Nothing but the text of the listing, repeated exactly, belongs in the answer; leave the images out.
Dataset section section start
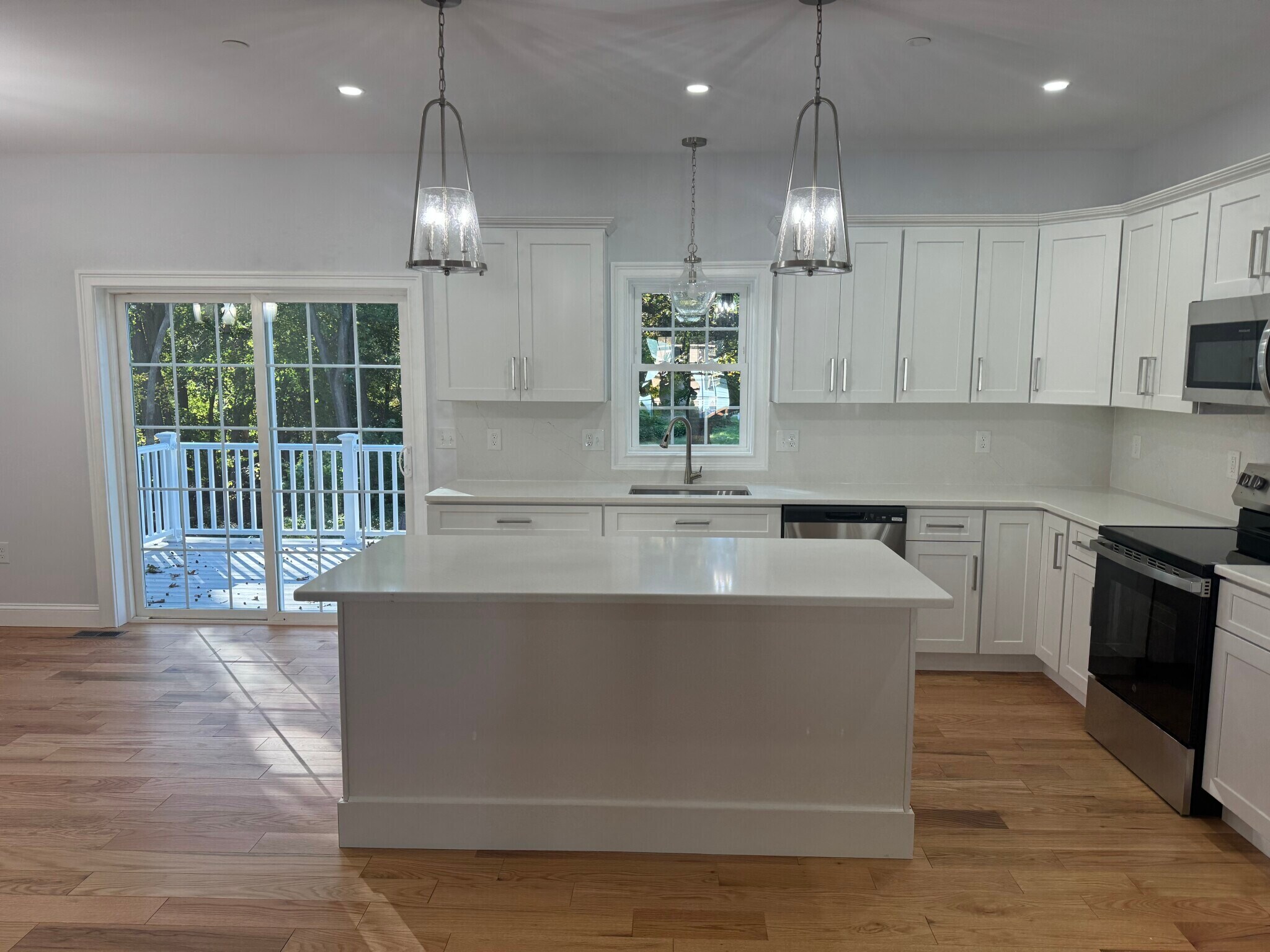 Building Photo - 8 Elton St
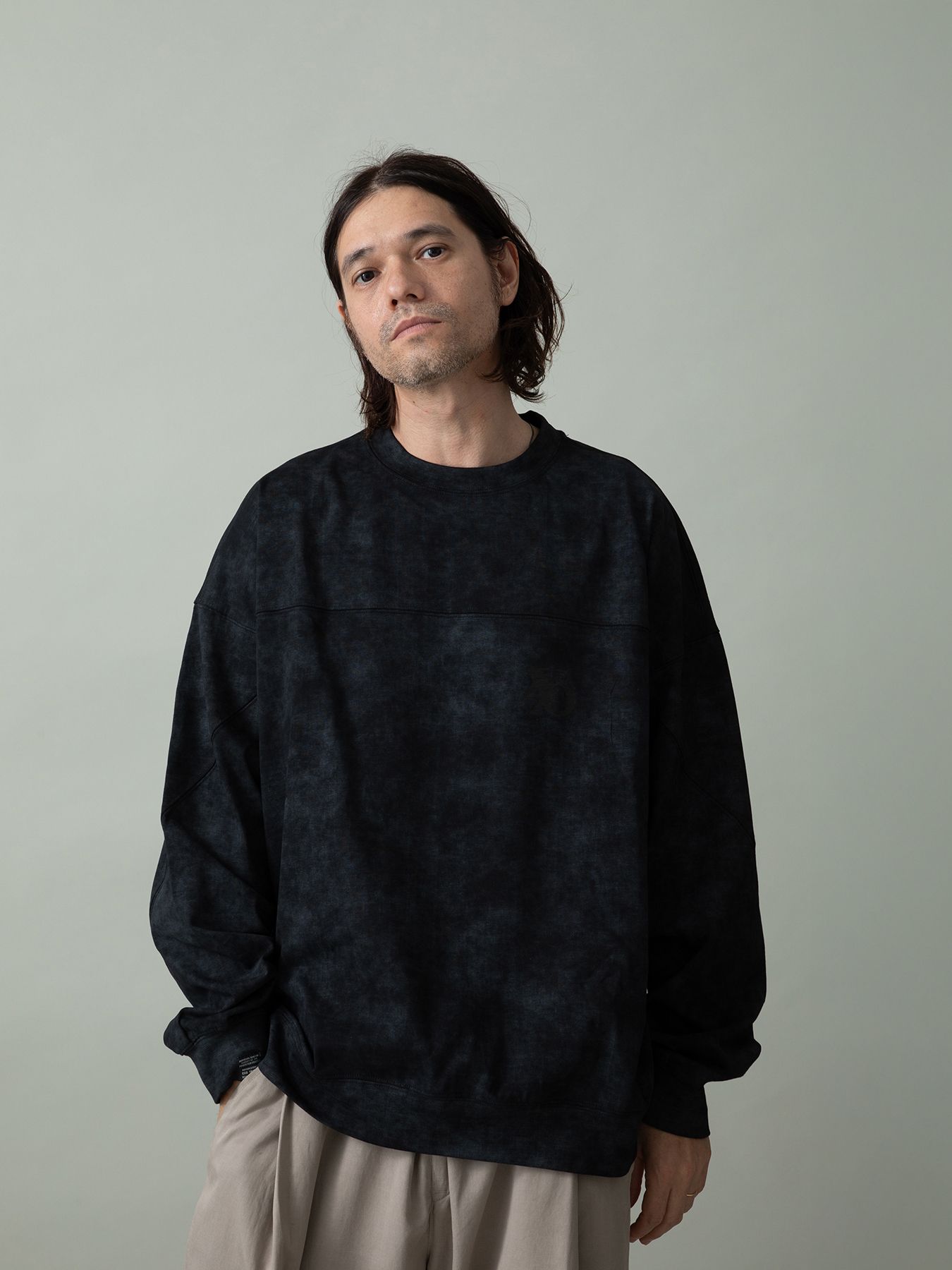 【予約品 2月1日(日) 締切】SWITCHCUT / ロゴプリント カットソー  / ブラック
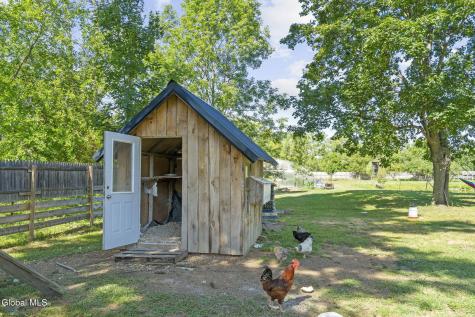 127 Langley Road Amsterdam NY 12010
Dataset section section end
(Expected answer)
 Building Photo - 8 Elton St
 【予約品 2月1日(日) 締切】SWITCHCUT / ロゴプリント カットソー  / ブラック
 127 Langley Road Amsterdam NY 12010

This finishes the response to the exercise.